= Maureen Doherty =

British fashion designer

Maureen Doherty (10 December 1951 – 18 November 2022) was a British fashion designer.

==Biography==
Born in London, Doherty was the youngest of three daughters of Elizabeth and James Doherty. Her father, a structural engineer with an interest in archaeology, introduced her early on to engineering projects and historical artefacts, inspiring her lifelong interest in ceramics.

Doherty studied pattern cutting at what later became the London College of Fashion. Initially interested in costume design, she briefly worked as a runner for film director David Lean. In 1970, she began working with Swedish designer Hans Metzen, subsequently establishing herself in retail fashion. Doherty became a buying director and contributed to opening several boutiques in London during the 1970s, notably Elle on Sloane Street, as well as shops for Fiorucci and Valentino. She was among the first to introduce Japanese designers, including Issey Miyake, to European countries.

Disillusioned with aspects of the fashion business by the late 1970s, Doherty moved to India in 1982, returning to Europe a year later. She subsequently accepted Miyake's offer to oversee his European operations, contributing to various projects, including early preparations for his fragrance L'eau d'Issey. During this period, Doherty commissioned architect David Chipperfield's first retail design project, a Miyake shop in London.

Encouraged by her mentor, potter Lucie Rie, Doherty relocated to Paris to study ceramics under Annie Fourmanoir. In 1985, she left Miyake and briefly operated her own small retail shop, which she later described as frequently burgled and unsatisfying.

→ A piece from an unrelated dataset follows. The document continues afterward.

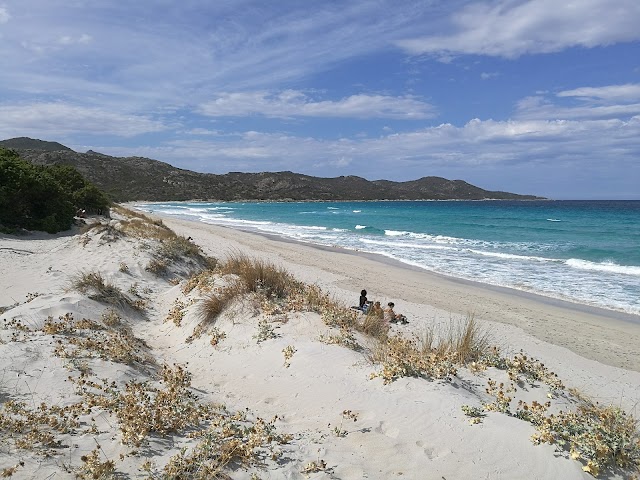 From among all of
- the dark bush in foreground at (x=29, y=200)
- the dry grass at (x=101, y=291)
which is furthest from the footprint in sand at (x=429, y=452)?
the dark bush in foreground at (x=29, y=200)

Returning to London in 1992, Doherty became head of design at the fashion retailer Jigsaw before opening her own shop, Egg, in Kinnerton Street. Doherty lived for several years above Egg with her daughter Jessica. In 2017, architect Jonathan Tuckey redesigned and restructured the premises around Egg, including an adjoining former stable, reflecting Doherty's preference for minimalist spaces.